As for the terrorism claims, Republicans are basing their fears on the terrorism watchlist. Once a more narrow set of names, as CBS News detailed, the list has become a sweeping database that now includes roughly 2 million people. Johnson and other Republicans have pointed to the 312 migrants (it’s now 326) out of the more than 6 million that federal officials have caught from October 2020 to now that match the names of people on the list. As The New York Times noted, just because someone matches a name on the list doesn’t mean they are a guaranteed terrorist. The Homeland Security Department notes that, for all these reasons, apprehending a migrant on the watchlist is extremely rare.
What is the White House saying?
The White House has stated that the US immigration system has been “broken for decades.” Officials have frequently stated that, as Republicans want to impeach Mayorkas, he is working with senators from both parties on what would be the most significant improvements to US immigration policy in years.
A spokeswoman for the Department of Homeland Security stated that there is “no valid basis” for impeaching Mayorkas.
According to DHS spokesman Mia Ehrenberg, the House majority is wasting time and money on a pointless political exercise that has already received negative feedback from members of both parties and failed in a bipartisan vote.
Rep. Bennie Thompson of Mississippi, the ranking Democrat on the Homeland Security Committee, restated his previous request that House Republicans focus their efforts on bipartisan immigration discussions.
Has a Cabinet secretary been impeached before?
In its entire history, the House has only ever impeached one Cabinet secretary: former Secretary of War William Belknap under the Grant administration. Lawmakers accused Belknap of taking bribes to finance a lavish lifestyle while living on a meager government salary. In the face of his likely ouster, the former Civil War general rushed to the White House to hand President Ulysses S. Grant his resignation.
The House still impeached Belknap, though he was acquitted during a Senate trial. The core of Belknap’s defence was that he was technically a private citizen both at the time of his impeachment (by just minutes) and during his months-long trial. If that sounds familiar, it’s because former President Donald Trump and most Senate Republicans made a similar defence during Trump’s trial following the January 6, 2021, Capitol riot.
What happens next?
House GOP leaders could bring up the impeachment resolution again.
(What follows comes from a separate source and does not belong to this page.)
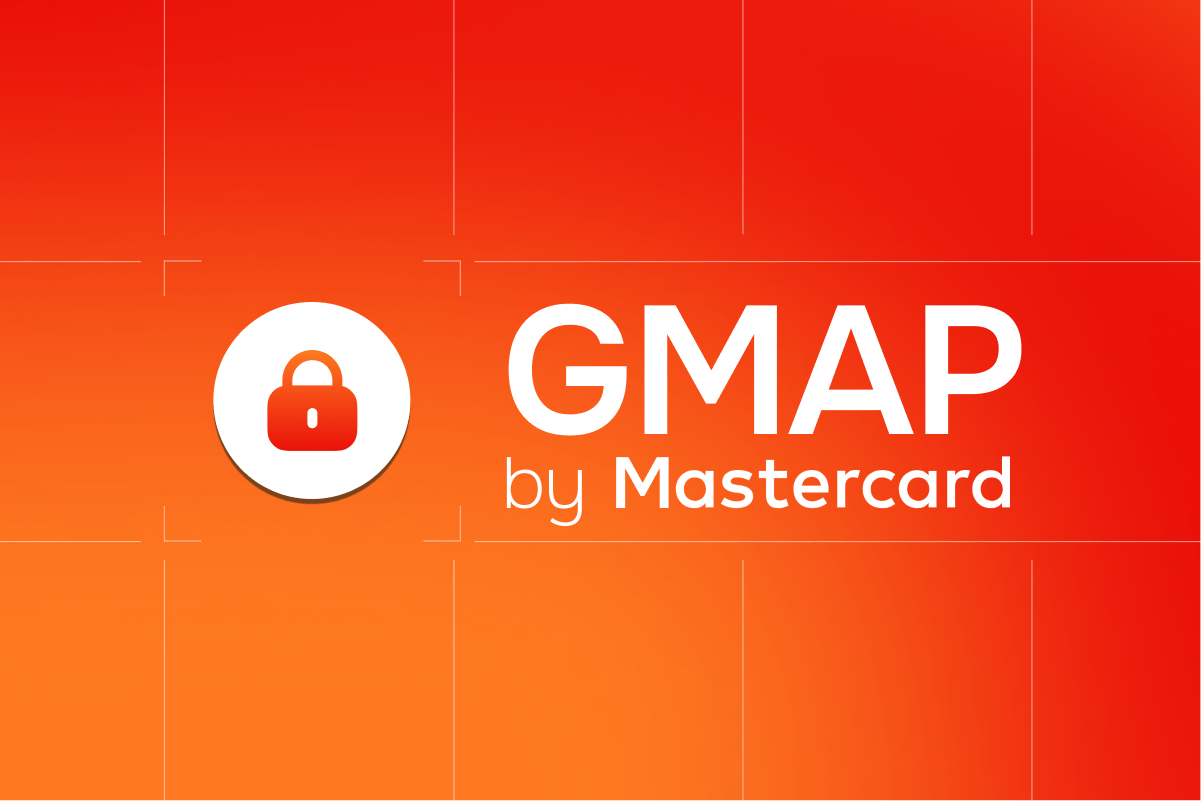 GMAP by Mastercard featuring a red padlock icon on an orange gradient background.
It’s unclear if or when that will happen.
Is this guaranteed to happen?
Potentially. If only Moore were to change his vote, the GOP would have the numbers needed to pass Mayorkas’ impeachment. But multiple lawmakers from both parties have missed recent votes due to health reasons. It’s also unclear if there will be a will to return to the topic given that even some Republican senators have questioned the case against Mayorkas.